Mr Swart said that the matter was not so straight forward, clause 4 served to decrease the jurisdiction of the SCA and this was a considerable step. The LAC was not so much a problem; it was the CAC that was problematic as it had been continuously overruled by the SCA. Surely it was not correct to exclude the jurisdiction of the SCA. Why was the SCA being excluded?

Ms Smuts said that the answer to that question was that there were too many layers of appeal. If the SCA was cut out then this would ease the financial burden of legal costs for businesses. The CJ had pointed out that there was difficulty where in the competitions hierarchy, the Competition Tribunal was not stocked by judges, this was the only thing that was worrying.

Ms D Schäfer (DA) said that the two clauses were inter-related and the issue should be tagged for a later discussion.

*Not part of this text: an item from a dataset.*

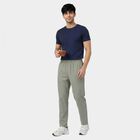 Men's Grey Slim Fit Solid Track Pants, Light Grey, small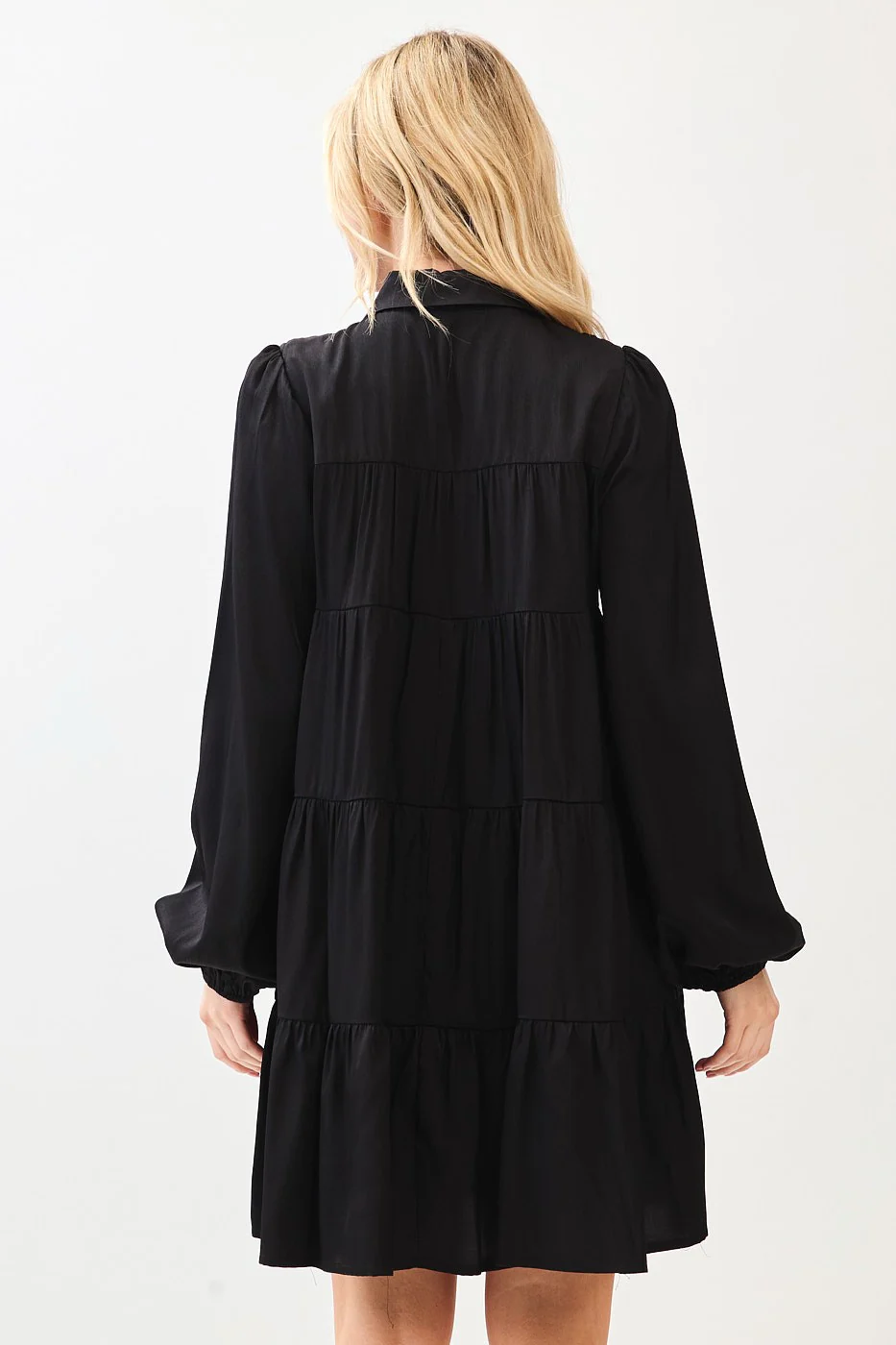 Black Balloon Sleeve Tiered Shirt Dress - Image 5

Mr Jeffery said that the clause restricted the jurisdiction of the SCA but not of the CC. There would be a link between clauses 3 and 4 in the sense that there would be wider jurisdiction of the CC. With the current wording of clause 3 the CC could effectively consider any matter. The issues raised by the clause could be parked for the moment. The clause in itself did not specify to what extent the powers of the CC would be reduced it simply provided for an Act of Parliament to determine that a matter did not have to go to the SCA. The Committee did not want too much litigation and too many appeal forums as this was costly, there should be one High Court and one other body to hear the appeal.  There seemed to be consensus on the labour courts and the effect of this clause insofar as that was concerned.

Adv Holomisa said that courts were about dispensing justice for all South Africans, it seemed that the Committee was inclined to want to increase the pace at which justice was dispensed for labour and competition matters, what of the others? There was currently a SCA, was it envisaged that there would be a supreme court for every category of law be it labour or competition etc? It had already been established that the SCA was a court of appeal for all matters including constitutional ones.

Adv De Lange said that it was envisaged in the Bill that the CC would be the final court of appeal. When the Competition Act was drafted it was stated that the CAC would be the final court, there was no mention of the CC.

Mr Swart asked for Adv De Lange to research some of the cases where the SCA had overruled the CAC.

Mr Jeffery said that no court was always right and one might find that the decision of a lower court would be preferable. The Committee should limit the number of layers of appeal as they were too time consuming for the ordinary person.

Adv Holomisa said that if it were to be agreed that the CC would deal with constitutional matters and the SCA all other matters as forums of appeal on a last resort basis, then this would reduce unnecessary appeals.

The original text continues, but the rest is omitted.